Discover the Center wine region of Uruguay

The Uruguay Center wine region is located in south-central Uruguay. It covers the departments of Durazno, Florida and Lavalleja. The region is situated in close proximity to the country's capital city, Montevideo and encompasses a diverse range of landscapes, including rolling hills, valleys, and coastal areas.

One of the distinguishing features of the Uruguay Centro wine region is its proximity to the Río de la Plata estuary. This large body of water, which acts as the border between Uruguay and Argentina, has a significant impact on the region's climate and viticulture.

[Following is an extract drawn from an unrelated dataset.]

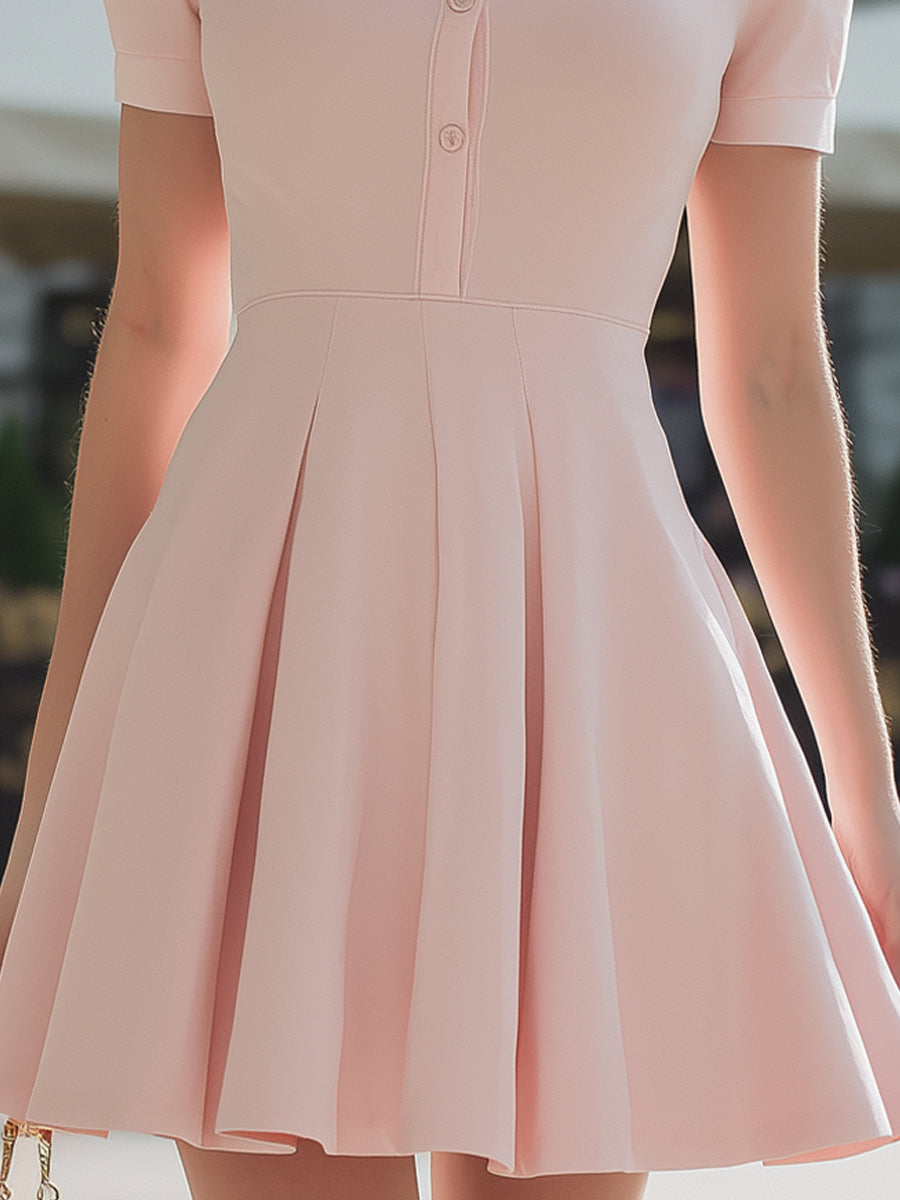 KSXTXX Blush Polo Shirt Dress ¨C Preppy Feminine Style For Effortless Charm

It helps to create a unique microclimate, characterized by cool breezes and increased humidity, which are favorable for grape cultivation.

According to an INAVI report, in 2022, there were 11 vineyards in this region, distributed as follows: 

  • The department of Florida had four vineyards planted on an area of 16 hectares. 
  • The department of Lavalleja also had four vineyards planted in an area of 9 hectares. 
  • Finally, the department of Durazno had three vineyards planted on 19 hectares.

The predominant grape variety grown in Uruguay Centro is Tannat, which has found a particularly favorable home in Uruguay. Tannat is known for producing robust, full-bodied red wines with rich tannins and dark fruit flavors. Other grape varieties grown in the region include Merlot, Cabernet Sauvignon, Sauvignon Blanc, and Chardonnay.

Overall, the Uruguay Center wine region offers a combination of favorable climate, diverse soils, and maritime influence, creating an ideal terroir for grape cultivation. These conditions contribute to the production of high-quality wines that showcase the unique character and flavors of the region.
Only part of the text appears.